The book is written in a very clear and accessible style. Just like the Socinians who rejected convoluted Trinitarian scholasticism, the author has no patience with “Trinunities, Coessentialities, Modalities” and other “monstrous terms”. His prose, thus, is happily jargon-free; all theological concepts are explained in plain English, which is immensely helpful to the lay reader. The style, at times conversational and familiar, makes abstract arguments more palatable. The image of the Latin language running after Greek like a panting jogger provides a comic relief amidst a discussion of perichoresis (“circumincession” became the accepted translation of that concept, which Walker finally declares to be meaningless).

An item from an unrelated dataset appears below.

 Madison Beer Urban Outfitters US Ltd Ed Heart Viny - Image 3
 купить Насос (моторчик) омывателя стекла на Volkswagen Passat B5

Some readers might nevertheless be irritated by the colloquial tone used at times (“Push the envelope, smell the coffee; New Trinity is here” ).
Overall, though historians of late seventeenth-century England and/or radicalism are likely to be disappointed in their precise areas of study, they and many others will find interesting perspectives: the book offers both more and less than the title promises.
(1) Philippe Crignon. « L'altération du christianisme : Hobbes et la trinité ». Les Études philosophiques 81 (2007) : 235-263.
(2) J.C.D. Clark published two editions of English Society…, under different titles and with a different time frame. The ambiguous information provided in the bibliography is problematic, as it is unclear whether the 1985 edition or the heavily revised 2000 edition is referred to.